Browse skills at: https://skills.sh/
How to Help Users Find Skills
Step 1: Understand What They Need
When a user asks for help with something, identify:
- The domain (e.g., React, testing, design, deployment)
- The specific task (e.g., writing tests, creating animations, reviewing PRs)
- Whether this is a common enough task that a skill likely exists
Step 2: Search for Skills
Run the find command with a relevant query:
npx --yes skills find [query]
For example:
- User asks "how do I make my React app faster?" →
npx --yes skills find react performance
- User asks "can you help me with PR reviews?" →
npx --yes skills find pr review
- User asks "I need to create a changelog" →
npx --yes skills find changelog
The command will return results like:
Install with bash /path/to/skill/scripts/install-skill.sh vercel-labs/agent-skills@vercel-react-best-practices
vercel-labs/agent-skills@vercel-react-best-practices
└ https://skills.sh/vercel-labs/agent-skills/vercel-react-best-practices
Step 3: Present Options to the User
When you find relevant skills, present them to the user with:
- The skill name and what it does
- The install command they can run
- A link to learn more at skills.sh
Example response:
I found a skill that might help!

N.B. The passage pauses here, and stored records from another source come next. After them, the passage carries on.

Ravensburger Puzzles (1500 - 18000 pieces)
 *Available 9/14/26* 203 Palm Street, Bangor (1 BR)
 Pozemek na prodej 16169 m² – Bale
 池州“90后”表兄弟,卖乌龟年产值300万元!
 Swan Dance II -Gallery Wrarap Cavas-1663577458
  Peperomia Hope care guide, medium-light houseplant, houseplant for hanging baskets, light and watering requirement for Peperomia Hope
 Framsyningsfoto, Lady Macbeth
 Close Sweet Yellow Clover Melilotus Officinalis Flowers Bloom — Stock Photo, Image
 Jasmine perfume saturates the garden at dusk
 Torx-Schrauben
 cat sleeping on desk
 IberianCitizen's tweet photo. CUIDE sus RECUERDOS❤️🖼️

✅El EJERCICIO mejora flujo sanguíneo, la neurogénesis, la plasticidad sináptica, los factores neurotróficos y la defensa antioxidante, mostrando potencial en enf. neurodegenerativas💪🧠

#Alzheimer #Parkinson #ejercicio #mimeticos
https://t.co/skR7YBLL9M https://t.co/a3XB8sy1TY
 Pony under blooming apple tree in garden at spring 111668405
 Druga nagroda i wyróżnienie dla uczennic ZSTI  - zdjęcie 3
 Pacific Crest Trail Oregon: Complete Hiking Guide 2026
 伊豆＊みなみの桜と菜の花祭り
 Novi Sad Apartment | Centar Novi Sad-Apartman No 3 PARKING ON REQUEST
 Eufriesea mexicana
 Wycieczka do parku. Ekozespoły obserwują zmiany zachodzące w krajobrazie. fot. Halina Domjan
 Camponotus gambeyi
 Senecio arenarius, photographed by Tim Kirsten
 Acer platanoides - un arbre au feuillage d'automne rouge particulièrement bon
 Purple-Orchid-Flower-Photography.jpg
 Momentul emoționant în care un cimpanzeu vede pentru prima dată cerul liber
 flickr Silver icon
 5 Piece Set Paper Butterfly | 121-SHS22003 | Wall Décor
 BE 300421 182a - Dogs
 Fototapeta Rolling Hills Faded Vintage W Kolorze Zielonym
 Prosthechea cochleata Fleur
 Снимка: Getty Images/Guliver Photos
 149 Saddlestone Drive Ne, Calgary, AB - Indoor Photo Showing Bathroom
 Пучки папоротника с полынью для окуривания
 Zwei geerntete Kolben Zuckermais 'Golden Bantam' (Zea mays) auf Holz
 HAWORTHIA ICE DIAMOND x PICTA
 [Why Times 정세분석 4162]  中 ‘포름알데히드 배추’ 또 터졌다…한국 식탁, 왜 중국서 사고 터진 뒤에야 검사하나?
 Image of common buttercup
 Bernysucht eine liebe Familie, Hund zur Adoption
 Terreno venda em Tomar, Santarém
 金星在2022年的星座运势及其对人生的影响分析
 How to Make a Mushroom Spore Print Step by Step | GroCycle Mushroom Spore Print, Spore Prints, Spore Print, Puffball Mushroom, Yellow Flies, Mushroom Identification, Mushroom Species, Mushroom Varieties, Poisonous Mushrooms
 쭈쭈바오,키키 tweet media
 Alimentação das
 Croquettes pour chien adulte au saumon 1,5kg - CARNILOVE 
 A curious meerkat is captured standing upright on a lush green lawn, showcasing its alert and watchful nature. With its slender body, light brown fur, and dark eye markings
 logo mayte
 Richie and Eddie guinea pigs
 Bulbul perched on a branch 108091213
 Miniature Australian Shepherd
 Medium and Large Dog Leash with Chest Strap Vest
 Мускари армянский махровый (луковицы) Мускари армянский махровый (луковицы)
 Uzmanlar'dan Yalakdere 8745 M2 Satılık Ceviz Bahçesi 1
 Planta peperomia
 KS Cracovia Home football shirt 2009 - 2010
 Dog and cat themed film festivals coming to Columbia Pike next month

The "vercel-react-best-practices" skill provides
React and Next.js performance optimization guidelines from Vercel Engineering.
To install it:
bash /path/to/skill/scripts/install-skill.sh vercel-labs/agent-skills@vercel-react-best-practices
Learn more: https://skills.sh/vercel-labs/agent-skills/vercel-react-best-practices
Step 4: Install the Skill
If the user wants to proceed, use the install-skill.sh script to install the skill and copy it to the user's custom skills directory:
bash /path/to/skill/scripts/install-skill.sh <owner/repo@skill-name>
For example, if the user wants to install vercel-react-best-practices:
bash /path/to/skill/scripts/install-skill.sh vercel-labs/agent-skills@vercel-react-best-practices
The script copies the skill into $USER_SKILLS_DIR/<skill-name>/ (default virtual path /mnt/skills/custom/<skill-name>/). Requires USER_SKILLS_DIR in the shell environment (set automatically in Docker sandbox).
Common Skill Categories
When searching, consider these common categories:
| Category | Example Queries |
|---|
| Web Development | react, nextjs, typescript, css, tailwind |
| Testing | testing, jest, playwright, e2e |
| DevOps | deploy, docker, kubernetes, ci-cd |
| Documentation | docs, readme, changelog, api-docs |
| Code Quality | review, lint, refactor, best-practices |
| Design | ui, ux, design-system, accessibility |
| Productivity | workflow, automation, git |
Tips for Effective Searches
- Use specific keywords: "react testing" is better than just "testing"
- Try alternative terms: If "deploy" doesn't work, try "deployment" or "ci-cd"
- Check popular sources: Many skills come from
vercel-labs/agent-skills or ComposioHQ/awesome-claude-skills
When No Skills Are Found
If no relevant skills exist:
- Acknowledge that no existing skill was found
- Offer to help with the task directly using your general capabilities
- Suggest the user could create their own skill with
npx --yes skills init
Example:
I searched for skills related to "xyz" but didn't find any matches.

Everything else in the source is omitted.